Often when the market is discussed, most people, as well as the media, describe all market participants as "investors". This is a very loose term to describe those putting their funds into the financial markets.
Most market participants consider themselves "investors", but their actions are more indicative of a "speculator". At this high point in the market, it is very important that you clearly know your true nature. While this may sound like "splitting hairs", introspection into ourselves is critical to achieving our goals. It is imperative that we carefully evaluate our own actions to keep us on target toward our goals. After all, each one of use is highly subject to behavorial biases that can derail our best laid plans.
The number one item that each investor should pay close attention to is "protecting them from themselves"!
Being a value investor, I believe the common use of the word "investor" is clearly inappropriate to describe everyone who has risked their financial assets in the market.

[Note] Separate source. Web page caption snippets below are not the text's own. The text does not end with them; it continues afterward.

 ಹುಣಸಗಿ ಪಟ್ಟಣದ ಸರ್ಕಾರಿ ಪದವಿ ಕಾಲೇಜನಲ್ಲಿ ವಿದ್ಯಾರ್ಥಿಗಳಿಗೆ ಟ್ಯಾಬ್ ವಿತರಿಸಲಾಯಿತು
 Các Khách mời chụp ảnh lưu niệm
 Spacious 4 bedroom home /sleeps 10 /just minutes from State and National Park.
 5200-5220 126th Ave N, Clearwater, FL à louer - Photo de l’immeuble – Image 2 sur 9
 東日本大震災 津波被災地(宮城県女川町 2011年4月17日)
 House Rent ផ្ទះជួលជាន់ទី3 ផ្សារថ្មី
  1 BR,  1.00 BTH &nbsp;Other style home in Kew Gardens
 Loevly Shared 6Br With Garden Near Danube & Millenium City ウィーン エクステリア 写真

Benjamin Graham, the father of value investing, has a very clear and precise definition of an investor . He defines it in his seminal book The Intelligent Investor as follows:
"What do we mean by "investor"? Throughout this book the term will be used in contradistinction to "speculator." As far back as 1934, in our textbook Securities Analysis, we attempted a precise formulation of the difference between the two, as follows" "An investment operation is one which, upon thorough analysis promises safety of principal and an adequate return. Operations not meeting these requirements are speculative."
At these high market levels, you must clearly understand if you are operating as an "investor" or a "speculator". You don't want to look back tomorrow after a significant loss and realize how you really were operating!